Stents or surgery is preferred for esophagobronchial and esophagomediastinal fistulas. Preoperative requirements may take up to 6 months to fulfil, and it is not unreasonable to wait that long to progress to definitive surgical intervention [32]. Recommendations vary but usually specify waiting 3 to 6 months or longer after the original operation [31-33].

The success of our negative aspiration system, particularly for lateral fistulas, is due to continuous aspiration inside the intestinal lumen decreasing pressure and increasing the flow of liquid contents outside the lumen. We noticed this affect due to the dramatic decrease in drainage volume when we started intraluminal aspiration on our patients with an upper GI tract fistula. The method decreases leakage of GI contents outside the lumen, and the decreased size of the abscess pouch in the area and recovery of the fistula shortens hospitalization duration.

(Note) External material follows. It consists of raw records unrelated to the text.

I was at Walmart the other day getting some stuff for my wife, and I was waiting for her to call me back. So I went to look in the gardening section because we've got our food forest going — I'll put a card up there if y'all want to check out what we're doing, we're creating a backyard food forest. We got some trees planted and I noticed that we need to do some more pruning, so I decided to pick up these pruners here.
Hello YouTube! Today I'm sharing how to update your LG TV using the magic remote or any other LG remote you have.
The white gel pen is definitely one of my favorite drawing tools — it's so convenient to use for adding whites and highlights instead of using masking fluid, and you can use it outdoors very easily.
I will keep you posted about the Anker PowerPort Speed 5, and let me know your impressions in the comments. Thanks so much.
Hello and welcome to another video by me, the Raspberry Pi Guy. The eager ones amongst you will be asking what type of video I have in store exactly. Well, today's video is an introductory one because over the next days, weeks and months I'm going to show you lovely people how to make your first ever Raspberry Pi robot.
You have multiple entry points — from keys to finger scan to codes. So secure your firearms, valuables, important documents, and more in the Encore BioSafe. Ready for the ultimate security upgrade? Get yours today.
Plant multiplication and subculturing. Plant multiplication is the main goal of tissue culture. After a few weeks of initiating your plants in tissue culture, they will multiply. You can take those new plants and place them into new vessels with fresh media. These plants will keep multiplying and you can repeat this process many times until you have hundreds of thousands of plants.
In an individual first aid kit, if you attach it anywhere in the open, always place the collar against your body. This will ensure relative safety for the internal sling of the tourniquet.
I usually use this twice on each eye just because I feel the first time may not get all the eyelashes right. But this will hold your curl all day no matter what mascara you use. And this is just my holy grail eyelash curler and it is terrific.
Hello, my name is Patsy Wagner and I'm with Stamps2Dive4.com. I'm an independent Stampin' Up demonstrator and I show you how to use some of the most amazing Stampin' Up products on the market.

The situation is similar in patients with a rectal leakage, although these patients have a deflector ileostomy so the GI contents do not reach the anastomotic leakage site. However, an abscess emerging around the anastomosis can lead to serious septic complications. In these patients, the doublelumen catheter placed in a transanal position, along with the negative pressure applied, drains the perianastomotic abscess, which helps the abscess pouch shrink and the fistula defect to recover.

In summary, although only nine patients were evaluated in this study, the continuous intraluminal aspiration method was very effective, cost efficient, reliable, minimally invasive, and successful for treating fistulas and anastomotic leakage in a short period and with a low complication rate.


Reoperations for intestinal fistulas and anastomotic leakage result in high morbidity and mortality. Thus, non-surgical methods with lower mortality and morbidity rates are preferred for a reoperation. Although this was a low volume retrospective study, the treatment success rate is notable. This aspiration method using a continuous intraluminal doublelumen catheter is relatively longer in duration but is costeffective and results in a low mortality rate in appropriate cases. More extensive studies should be performed with more patients to determine the effectiveness of this method and render it widely applicable.

Conflicts of Interest

The authors have no financial conflicts of interest.